____ Records for this task

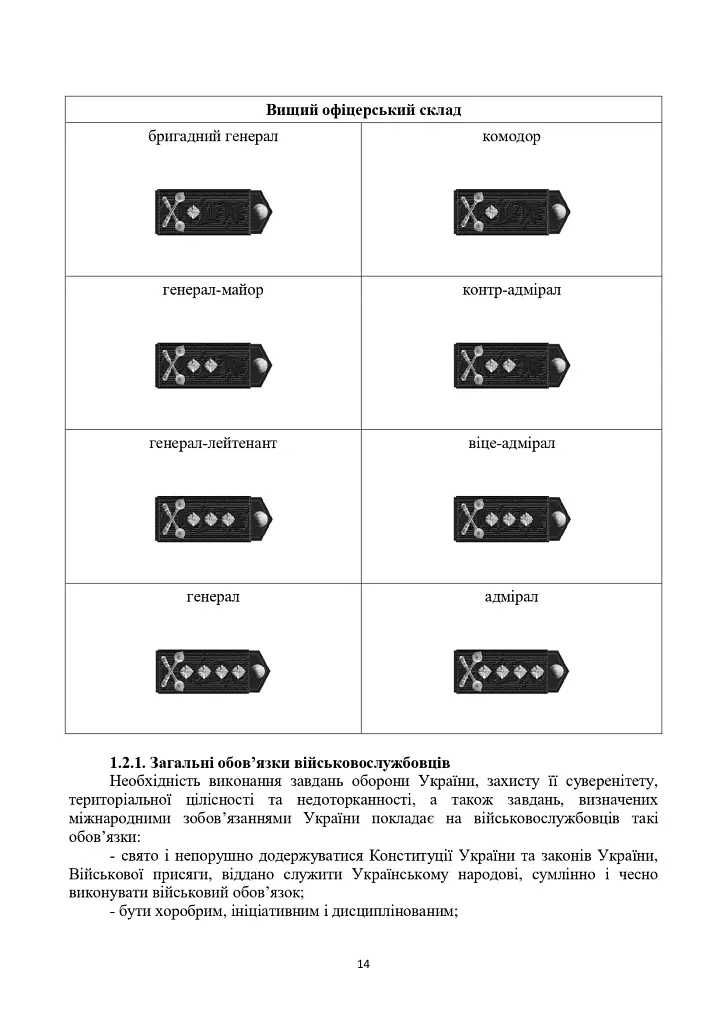 Загальновійськова підготовка. Навчальний посібник - фото 13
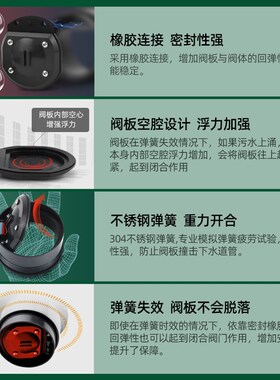 哈蒙德马桶防反水止逆阀单项法兰单向阀卫生间溢水塞子倒灌止回阀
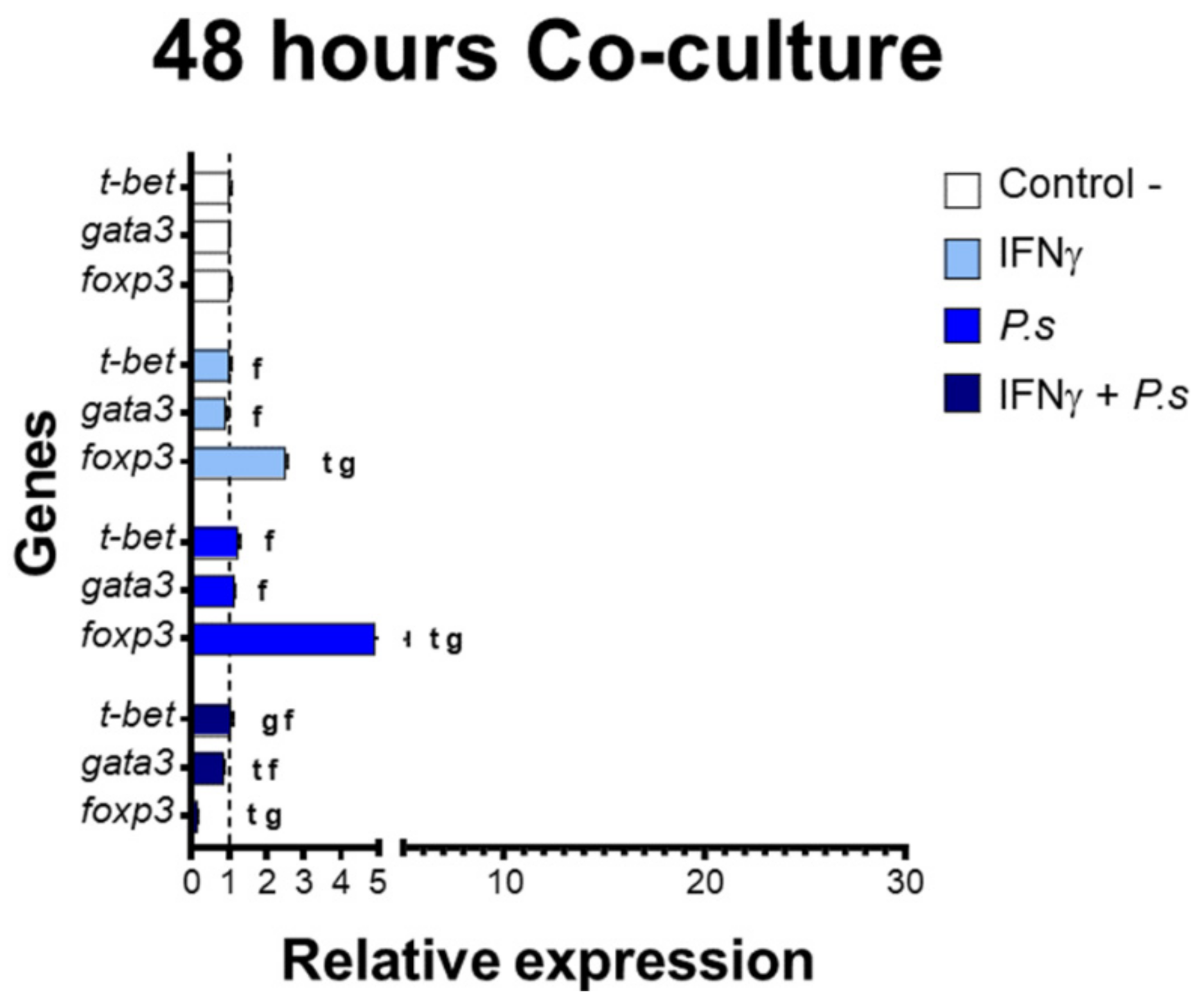Biology 10 00324 g005
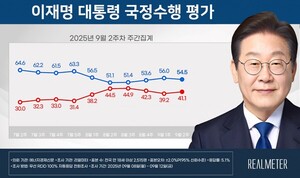 대통령 지지율 54.5% 하락, '한국인 구금' 사태 영향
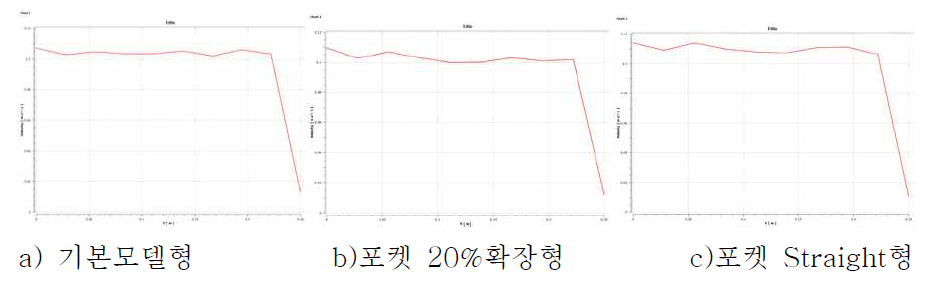 포켓의 용량에 따른 수지도포 조건 확인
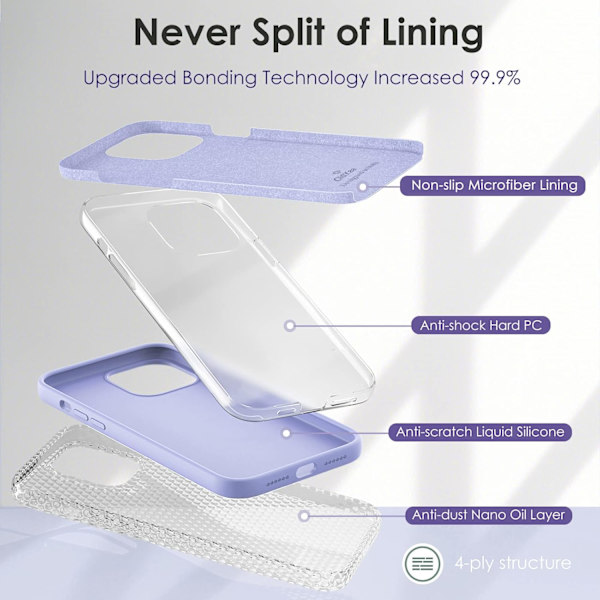 Silicone Cover Kompatibel med iPhone 11 Cover 6,1 Tommer, Blød Ultra Tynd Beskyttende Stødsikker Flydende Silicone Telefon Cover Black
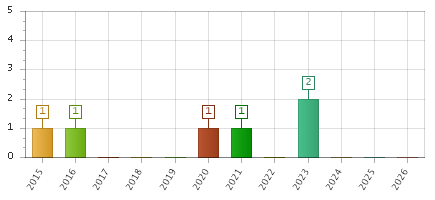 The chart showing 2015 series, 2016 series, 2017 series, 2018 series, 2019 series, 2020 series, 2021 series, 2022 series, 2023 series, 2024 series, 2025 series, 2026 series.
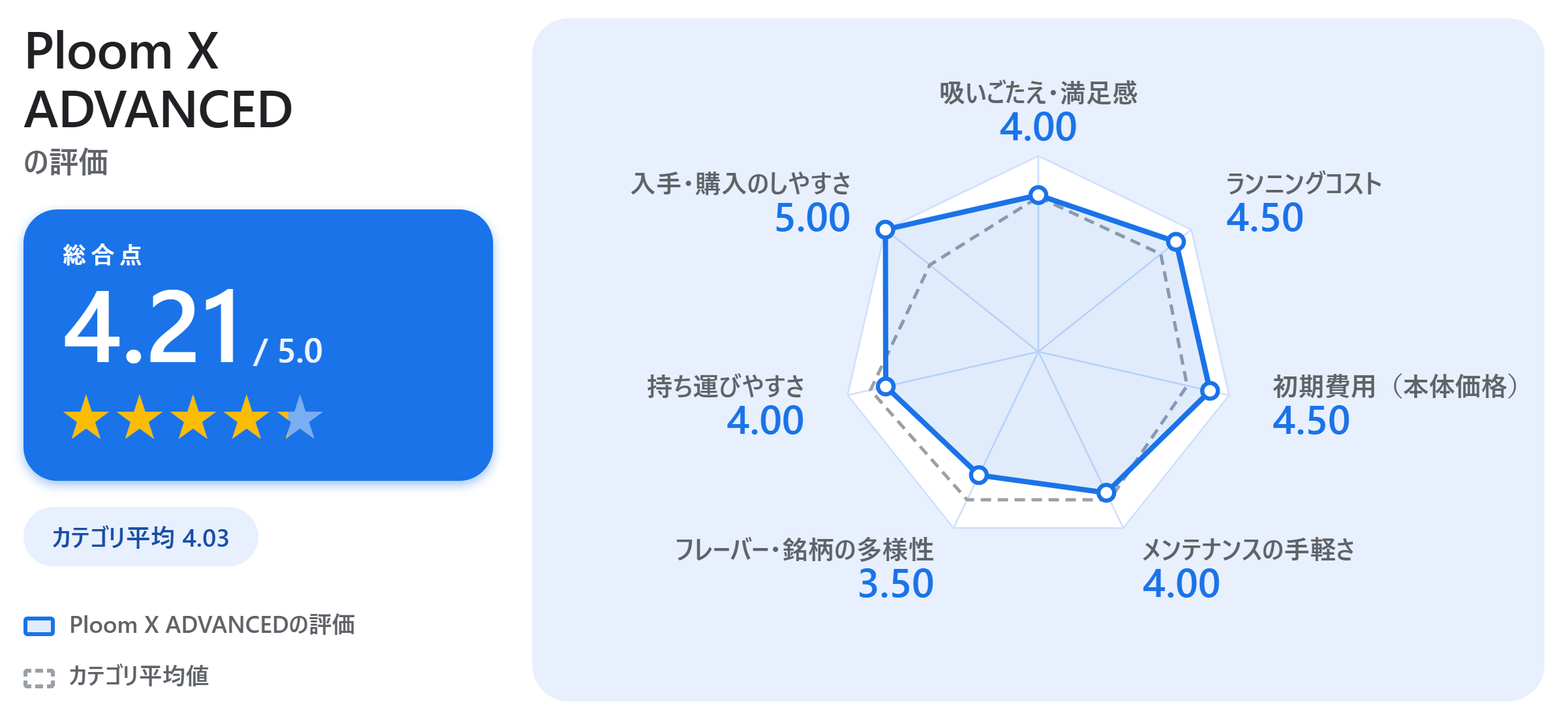 Ploom X ADVANCEDの満足度スコアカード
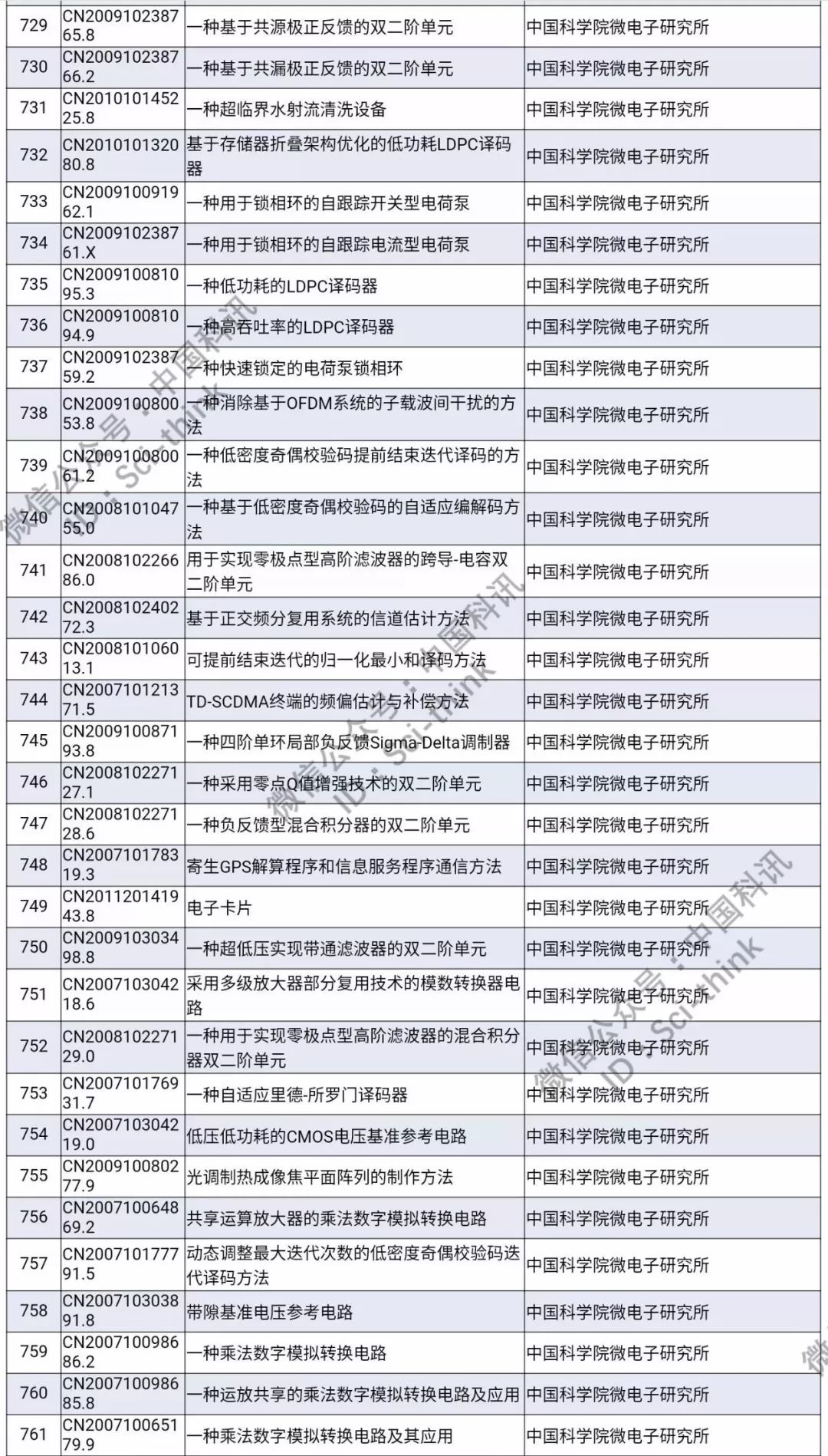 中科院将举行首次专利拍卖！（1006件专利参拍信息汇总）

________

| Exercise description |
From the line containing "The chart showing" down to the last line of the entries above, set down every line exactly. Omit all pictures.

| Your solution |
 The chart showing 2015 series, 2016 series, 2017 series, 2018 series, 2019 series, 2020 series, 2021 series, 2022 series, 2023 series, 2024 series, 2025 series, 2026 series.
 Ploom X ADVANCEDの満足度スコアカード
 中科院将举行首次专利拍卖！（1006件专利参拍信息汇总）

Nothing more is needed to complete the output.